Working from the records below, return word for word the line that contains "Худи мужское Adidas All Szn Turquoise JN0614" and each line after it, ending with the last. Skip all pictures.

### Source material

-----

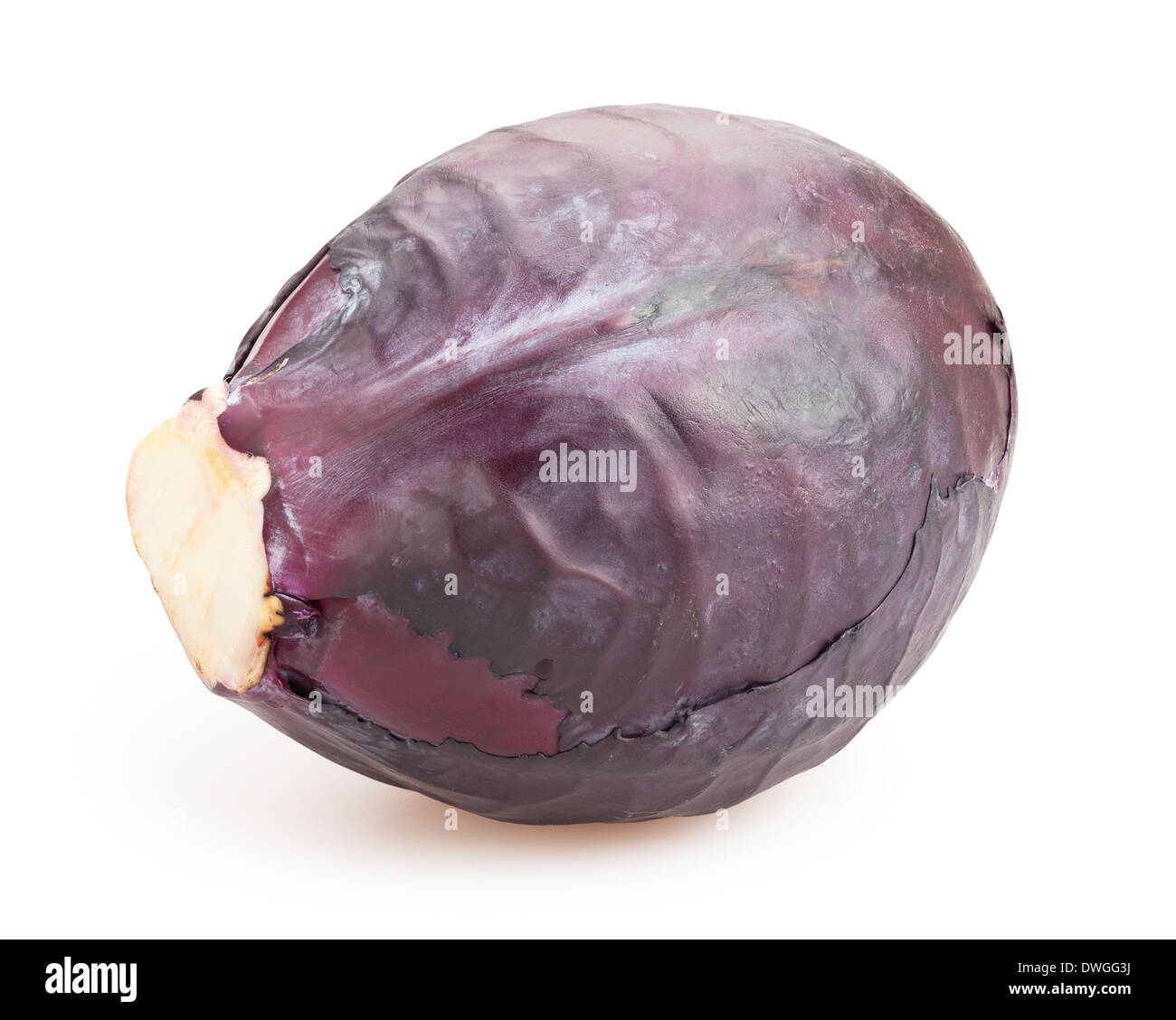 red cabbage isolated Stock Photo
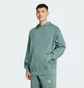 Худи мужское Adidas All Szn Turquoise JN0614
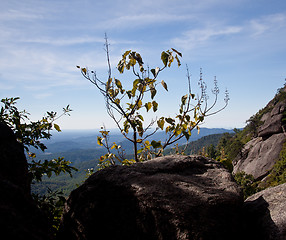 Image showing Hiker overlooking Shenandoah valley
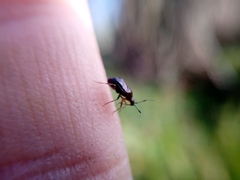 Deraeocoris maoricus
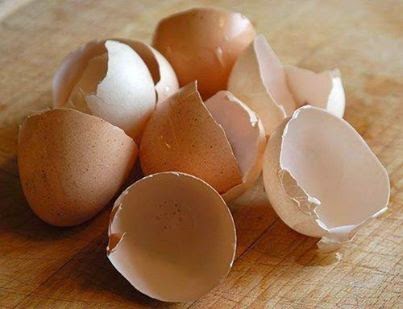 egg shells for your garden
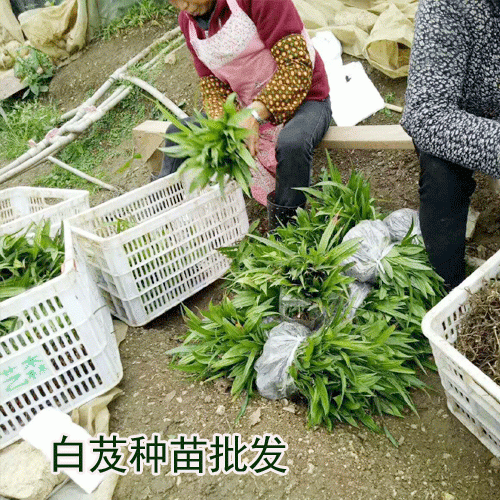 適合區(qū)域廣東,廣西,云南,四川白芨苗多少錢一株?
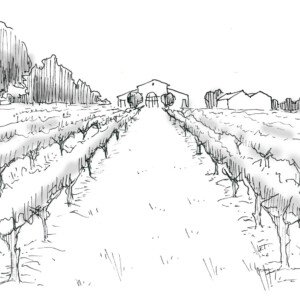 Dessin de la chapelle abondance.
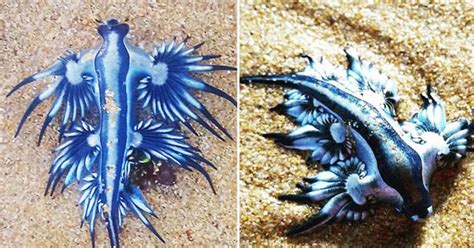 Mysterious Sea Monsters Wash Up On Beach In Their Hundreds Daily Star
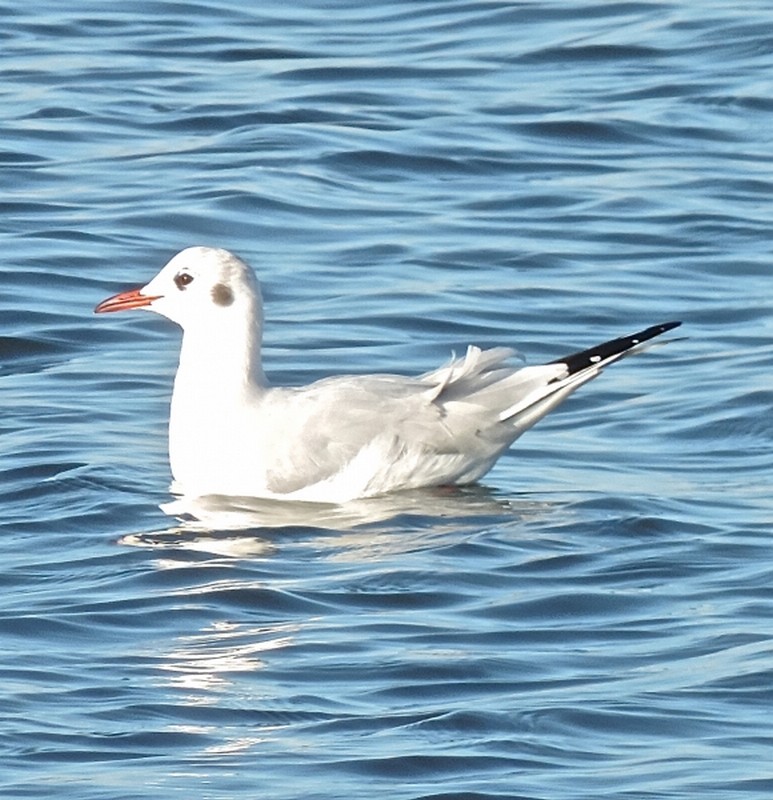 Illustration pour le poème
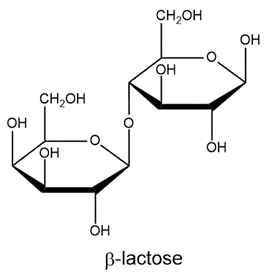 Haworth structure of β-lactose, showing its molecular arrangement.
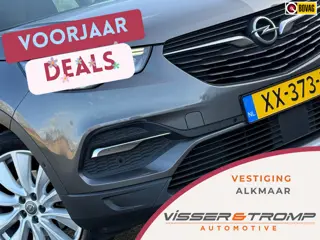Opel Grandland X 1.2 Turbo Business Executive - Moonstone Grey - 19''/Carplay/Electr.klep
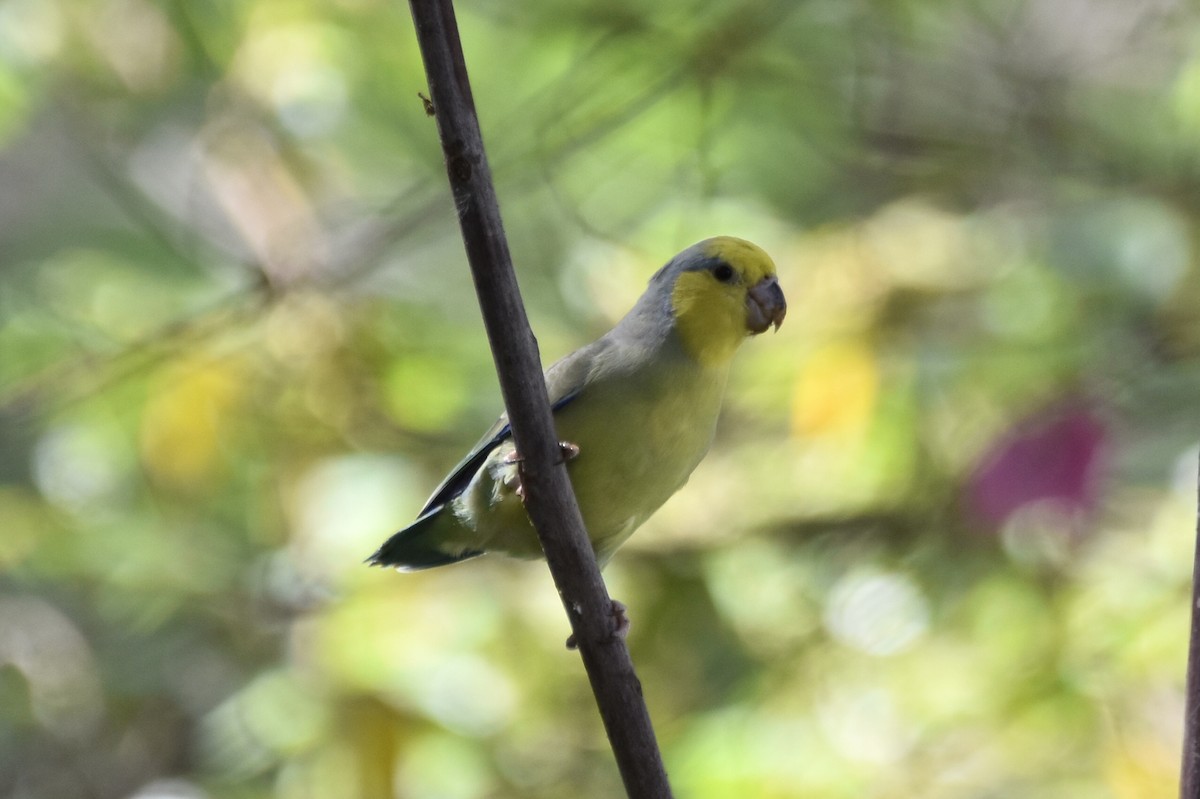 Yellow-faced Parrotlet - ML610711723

-----

### The completed task
 Худи мужское Adidas All Szn Turquoise JN0614
 Image showing Hiker overlooking Shenandoah valley
 Deraeocoris maoricus
 egg shells for your garden
 適合區(qū)域廣東,廣西,云南,四川白芨苗多少錢一株?
 Dessin de la chapelle abondance.
 Mysterious Sea Monsters Wash Up On Beach In Their Hundreds Daily Star
 Illustration pour le poème
 Haworth structure of β-lactose, showing its molecular arrangement.
Opel Grandland X 1.2 Turbo Business Executive - Moonstone Grey - 19''/Carplay/Electr.klep
 Yellow-faced Parrotlet - ML610711723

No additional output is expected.